Saints Day June 13th
Anthony of Padua, O.F.M., also known as Anthony of Lisbon (born Fernando Martins de Bulhões; 15 August 1195 – 13 June 1231) was a Portuguese Catholic priest and friar of the Franciscan Order. Though he died in Padua, he was born and raised in a wealthy family in Lisbon. Noted by his contemporaries for his forceful preaching and expert knowledge of scripture, he was the fastest canonized saint and proclaimed a Doctor of the Church on 16 January 1946.

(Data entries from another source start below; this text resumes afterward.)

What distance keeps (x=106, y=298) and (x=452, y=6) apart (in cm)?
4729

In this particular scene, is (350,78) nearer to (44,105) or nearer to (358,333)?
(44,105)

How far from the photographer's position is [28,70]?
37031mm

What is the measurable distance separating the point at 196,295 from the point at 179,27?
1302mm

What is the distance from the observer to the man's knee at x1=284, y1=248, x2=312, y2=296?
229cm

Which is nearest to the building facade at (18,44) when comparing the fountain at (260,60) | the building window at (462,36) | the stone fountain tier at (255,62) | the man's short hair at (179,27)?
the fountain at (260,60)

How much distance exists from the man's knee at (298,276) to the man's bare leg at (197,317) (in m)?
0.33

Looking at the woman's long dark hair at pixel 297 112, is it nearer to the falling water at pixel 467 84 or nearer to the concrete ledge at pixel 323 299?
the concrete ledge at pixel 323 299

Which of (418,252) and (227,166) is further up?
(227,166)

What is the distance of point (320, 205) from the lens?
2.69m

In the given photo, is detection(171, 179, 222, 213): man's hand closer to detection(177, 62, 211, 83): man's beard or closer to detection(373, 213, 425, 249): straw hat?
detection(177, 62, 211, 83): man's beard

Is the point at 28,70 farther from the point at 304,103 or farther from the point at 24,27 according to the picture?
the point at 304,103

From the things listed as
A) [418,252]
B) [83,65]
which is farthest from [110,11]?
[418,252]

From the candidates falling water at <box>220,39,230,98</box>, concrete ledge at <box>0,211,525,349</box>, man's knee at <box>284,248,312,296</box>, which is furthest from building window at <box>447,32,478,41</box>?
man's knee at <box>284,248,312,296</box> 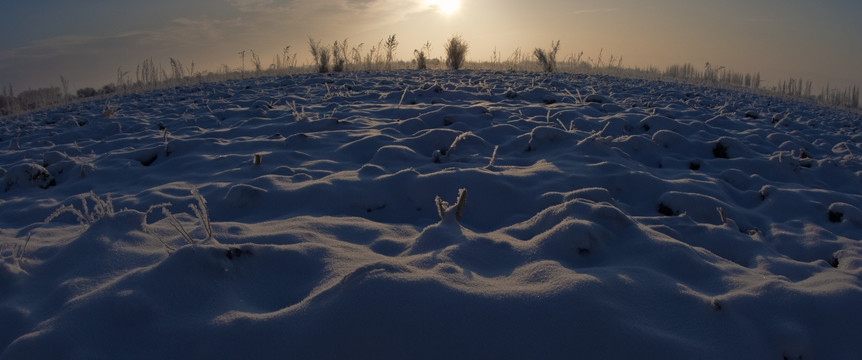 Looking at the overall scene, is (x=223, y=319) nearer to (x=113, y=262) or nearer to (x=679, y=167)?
(x=113, y=262)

Fernando Martins de Bulhões was born in Lisbon to Vicente Martins de Bulhões and Teresa Pais Taveira. His father was the brother of Pedro Martins de Bulhões, the ancestor of the Bulhão or Bulhões family. His was a very rich family of the nobility who wanted him to become educated, and they arranged for him to be instructed at the local cathedral school. Against the wishes of his family, however, he entered the community of Canons Regular at the Abbey of St. Vincent on the outskirts of Lisbon. The Canons were famous for their dedication to scholarly pursuits, and sent the youth to their major center of studies, the Abbey of the Holy Cross in Coimbra. There the young Fernando studied theology and Latin.
Joining the Franciscans
After his ordination to the priesthood, Fernando was named guestmaster and placed in charge of hospitality for the abbey. It was in this capacity, in 1219, that he came into contact with five Franciscan friars who were on their way to Morocco to preach the Gospel to the Muslims there. Fernando was strongly attracted to the simple, evangelical lifestyle of the friars, whose order had been founded only eleven years prior. In February of the following year, news arrived that the five Franciscans had been martyred in Morocco, the first to be killed in their new order. Seeing their bodies as they were processed back to Assisi, Fernando meditated on the heroism of these men; inspired by their example, and longing for the same gift of martyrdom, he obtained permission from church authorities to leave the Augustinian Canons to join the new Franciscan Order. Upon his admission to the life of the friars, he joined the small hermitage in Olivais, adopting the name Anthony (from the name of the chapel located there, dedicated to Saint Anthony the Great), by which he was to be known.
The new Brother Anthony then set out for Morocco, in fulfillment of his new vocation. Illness, however, stopped him on his journey. At this point, he decided to head to Italy, the center of his new order. On the voyage there, his ship was driven by a storm onto the coast of Sicily and he landed at Messina. From Sicily he made his way to Tuscany where he was assigned to a convent of the order, but he met with difficulty on account of his sickly appearance. He was finally assigned, out of pure compassion, to the rural hospice of San Paolo near Forlì, Romagna, a choice made after considering his poor health. There he appears to have lived as a hermit and was put to work in the kitchen, while being allowed to spend much time in private prayer and study.